Could we improve the link parser ?

slb · October 7, 2004

Below you'll find an exemple of text and link content made to elude content filters but also SC link parser in message body.

----08761910132950075070
Content-Type: text/html;
Content-Transfer-Encoding: 7Bit
&lt;html&gt;
&lt;p&gt;30 2mg Xana&lt;input type="hidden" value=""&gt;x for $119&lt;br&gt;
30 10mg V&lt;input type="hidden" value=""&gt;alium for $119&lt;br&gt;
You don't need a prior prescription! Quick Shipping!&lt;/p&gt;
&lt;br&gt;
&lt;p&gt;http://www.cutler.mangs&lt;input type="hidden" value=""&gt;sis.c&lt;input type="hidden" value=""&gt;om&lt;/p&gt;
&lt;/html&gt;
----08761910132950075070--

Although there is no HREF tag SC could find, the link in the mail is very clear when one read it in html mode and moreover the user could cut and paste the link in his browser: it works !

Would it be possible to first parse the mail with html and then search for URL syntax like "www." or "http://" ?

P.S. Of course this one didn't get through cause I edited myself the spam and put the URL in an HREF tag >:-)

GraemeL · October 7, 2004

P.S. Of course this one didn't get through cause I edited myself the spam and put the URL in an HREF tag >:-)

Please note that making material changes to the body to force the parser to find links that it would otherwise ignore is against the rules.

From the web site: Rules - everybody read!

"SpamCop does what it does and doesn't do for a reason. Do not make any material changes to spam before submitting or parsing which may cause SpamCop to find a link, address or URL it normally would not, by design, find."

qjvgpuryy · October 8, 2004

This "links/URLs in text not found" seems to come up a lot, especially when people first start reporting. Should it be in the FAQ (maybe under "Regarding specific reporting problems:")?

GraemeL · October 8, 2004

The OP sent me a message saying that the link I supplied does not work. I accidently sent a link to the mailsc server for email account users. Replacing mailsc with www will fix the problem.

This is the world readable FAQ entry.

bigchiefbc · October 8, 2004

Spamcop doesn't seem to be picking up ANY of my links in the body. here is an example of what I pasted in, which came back "No links found". Shouldn't links that are in normal <a> tags be caught by the parser?:

<pre><tt>Rated NO.1 Penis Enlargement Pill on the Market!

Gain Up To 3+ Full Inches In Length

Increase Your Penis Width (Girth) By 20%

Stop Premature Ejaculation

Produce Stronger and Rock Hard Erections

<a href="http://www.herbalicious.net/pgf/track.php?id=23" target=_blank>http://www.herbalicious.net/pgf/track.php?id=23</a>

No More Receiving offers

<a href="http://www.herbalicious.net/r/" target=_blank>http://www.herbalicious.net/r/</a>

</tt></pre>

StevenUnderwood · October 8, 2004

Spamcop doesn't seem to be picking up ANY of my links in the body

Posting part of the body does nobody any good. Whether the parser is searching for <A HREF...> (or whatever else) depends also on the headers of the message. If the headers say the body is text only, it will not search out html code.
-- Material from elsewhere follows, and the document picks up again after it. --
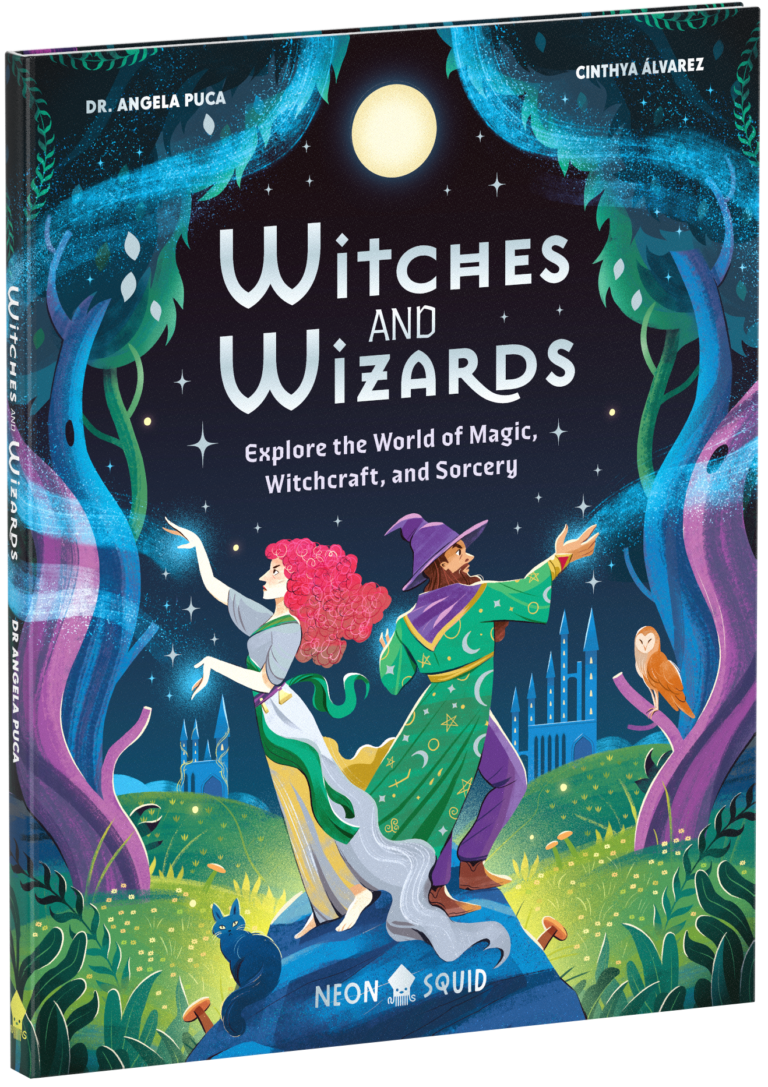 Book cover of "Witches and Wizards" with a witch and wizard casting spells in a magical forest at night.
If you post a tracking URL for one of your problem parses, we will beter be able to tell you why the parser is doing what it is doing.

Wazoo · October 8, 2004

The OP sent me a message saying that the link I supplied does not work. I accidently sent a link to the mailsc server for email account users. Replacing mailsc with www will fix the problem.
This is the world readable FAQ entry.

18499[/snapback]

That same FAQ entry is incorporated within the FAQ here .... though saying that now might catch me in a lie, as I haven't yet gone through item by item to see if Courtney's work on the "latest new look" and FAQ cleanup stuff has actually moved pointers around .....

bigchiefbc · October 11, 2004

Here is the tracking URL for a post whick totally missed the link:

http://www.spamcop.net/sc?id=z681403107z70...35e1969545c4cez

Posting part of the body does nobody any good. Whether the parser is searching for <A HREF...> (or whatever else) depends also on the headers of the message. If the headers say the body is text only, it will not search out html code.
If you post a tracking URL for one of your problem parses, we will beter be able to tell you why the parser is doing what it is doing.

18521[/snapback]

Wazoo · October 11, 2004

Here is the tracking URL for a post whick totally missed the link:
http://www.spamcop.net/sc?id=z681403107z70...35e1969545c4cez

Those missing links are due to a bad construct. The headers contain the lines;

Content-Type: multipart/alternative; boundary="--04017693903892090"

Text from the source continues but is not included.